How to create BigQuery this query in retail dataset

I have a table with user retail transactions. It includes sales and cancels. If Qty is positive - it sells, if negative - cancels. I want to attach cancels to the most appropriate sell. So, I have tables likes that:
| CustomerId | StockId | Qty | Date |
|--------------+-----------+-------+------------|
| 1 | 100 | 50 | 2020-01-01 |
| 1 | 100 | -10 | 2020-01-10 |
| 1 | 100 | 60 | 2020-02-10 |
| 1 | 100 | -20 | 2020-02-10 |
| 1 | 100 | 200 | 2020-03-01 |
| 1 | 100 | 10 | 2020-03-05 |
| 1 | 100 | -90 | 2020-03-10 |
User with ID 1 has the following actions: buy 50 -> return 10 -> buy 60 -> return 20 -> buy 200 -> buy 10 - return 90. For each cancel row (with negative Qty) I find the previous row (by Date) with positive Qty and greater than cancel Qty.
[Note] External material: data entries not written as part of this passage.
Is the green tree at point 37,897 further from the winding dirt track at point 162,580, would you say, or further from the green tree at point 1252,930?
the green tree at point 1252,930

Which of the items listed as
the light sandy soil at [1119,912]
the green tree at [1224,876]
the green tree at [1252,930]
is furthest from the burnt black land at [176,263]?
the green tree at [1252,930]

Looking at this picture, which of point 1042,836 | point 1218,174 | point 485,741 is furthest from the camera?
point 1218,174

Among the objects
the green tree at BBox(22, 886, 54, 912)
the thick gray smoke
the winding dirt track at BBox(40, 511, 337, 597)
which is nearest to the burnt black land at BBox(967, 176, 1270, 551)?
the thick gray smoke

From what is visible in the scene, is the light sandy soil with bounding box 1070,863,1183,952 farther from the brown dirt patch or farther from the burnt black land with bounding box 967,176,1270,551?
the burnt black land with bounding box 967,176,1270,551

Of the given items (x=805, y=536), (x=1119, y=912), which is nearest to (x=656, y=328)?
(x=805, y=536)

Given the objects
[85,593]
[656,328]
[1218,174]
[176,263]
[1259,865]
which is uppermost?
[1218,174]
So I need to create BigQuery queries to create table likes this:
| CustomerId | StockId | Qty | Date | CancelQty |
|--------------+-----------+-------+------------+-------------|
| 1 | 100 | 50 | 2020-01-01 | -10 |
| 1 | 100 | 60 | 2020-02-10 | -20 |
| 1 | 100 | 200 | 2020-03-01 | -90 |
| 1 | 100 | 10 | 2020-03-05 | 0 |
Does anybody help me with these queries? I have created one candidate query (split cancel and sales, join them, and do some staff for removing), but it works incorrectly in the above case.
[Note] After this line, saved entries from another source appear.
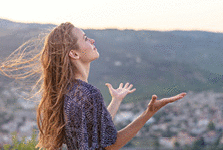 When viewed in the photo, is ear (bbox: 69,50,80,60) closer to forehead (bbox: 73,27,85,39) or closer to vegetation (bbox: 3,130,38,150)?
forehead (bbox: 73,27,85,39)

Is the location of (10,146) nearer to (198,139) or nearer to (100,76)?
(100,76)

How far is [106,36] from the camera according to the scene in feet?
18.5

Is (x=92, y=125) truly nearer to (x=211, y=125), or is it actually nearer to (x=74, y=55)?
(x=74, y=55)

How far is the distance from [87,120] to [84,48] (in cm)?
39

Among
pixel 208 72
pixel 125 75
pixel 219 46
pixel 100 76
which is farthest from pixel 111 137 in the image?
pixel 219 46

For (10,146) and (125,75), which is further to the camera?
(125,75)

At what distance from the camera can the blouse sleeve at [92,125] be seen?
122 cm

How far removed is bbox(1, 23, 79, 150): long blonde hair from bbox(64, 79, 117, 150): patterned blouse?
0.22 ft

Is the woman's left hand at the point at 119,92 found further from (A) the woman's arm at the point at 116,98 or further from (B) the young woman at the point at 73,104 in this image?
(B) the young woman at the point at 73,104

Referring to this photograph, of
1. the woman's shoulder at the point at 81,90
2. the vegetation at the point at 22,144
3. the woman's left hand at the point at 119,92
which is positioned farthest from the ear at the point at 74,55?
the vegetation at the point at 22,144

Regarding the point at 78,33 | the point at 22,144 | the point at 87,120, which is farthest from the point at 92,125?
the point at 22,144

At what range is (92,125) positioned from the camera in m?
1.24

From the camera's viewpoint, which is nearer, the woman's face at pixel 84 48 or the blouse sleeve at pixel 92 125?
the blouse sleeve at pixel 92 125

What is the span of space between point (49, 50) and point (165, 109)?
4.34 m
I use BigQuery, so any BQ SQL features could be applied.
Any ideas will be helpful.
You can use the following query.
;WITH result AS (
select t1.*,t2.Qty as cQty,t2.Date as Date_t2 from
(select *,ROW_NUMBER() OVER (ORDER BY qty DESC) AS [ROW NUMBER] from Test) t1
join
(select *,ROW_NUMBER() OVER (ORDER BY qty) AS [ROW NUMBER] from Test) t2
on t1.[ROW NUMBER] = t2.[ROW NUMBER]
)
select CustomerId,StockId,Qty,Date,ISNULL(cQty, 0) As CancelQty,Date_t2
from (select CustomerId,StockId,Qty,Date,case
when cQty < 0 then cQty
else NULL
end AS cQty,
case
when cQty < 0 then Date_t2
else NULL
end AS Date_t2 from result) t
where qty > 0
order by cQty desc
result: https://dbfiddle.uk
You can do this as a gaps-and-islands problem. Basically, add a grouping column to the rows based on a cumulative reverse count of negative values. Then within each group, choose the first row where the sum is positive. So:
select t.* (except cancelqty, grp),
(case when min(case when cancelqty + qty >= 0 then date end) over (partition by customerid grp) = date
then cancelqty
else 0
end) as cancelqty
from (select t.*,
min(cancelqty) over (partition by customerid, grp) as cancelqty
from (select t.*,
countif(qty < 0) over (partition by customerid order by date desc) as grp
from transactions t
) t
from t
) t;
Note: This works for the data you have provided. However, there may be complicated scenarios where this does not work. In fact, I don't think there is a simple optimal solution assuming that the returns are not connected to the original sales. I would suggest that you fix the data model so you record where the returns come from.
The below query seems to satisfy the conditions and the output mentioned.The solution is based on mapping the base table (t) and having the corresponding canceled qty row alongside from same table(t1)
First, a self join based on the customer and StockId is done since they need to correspond to the same customer and product.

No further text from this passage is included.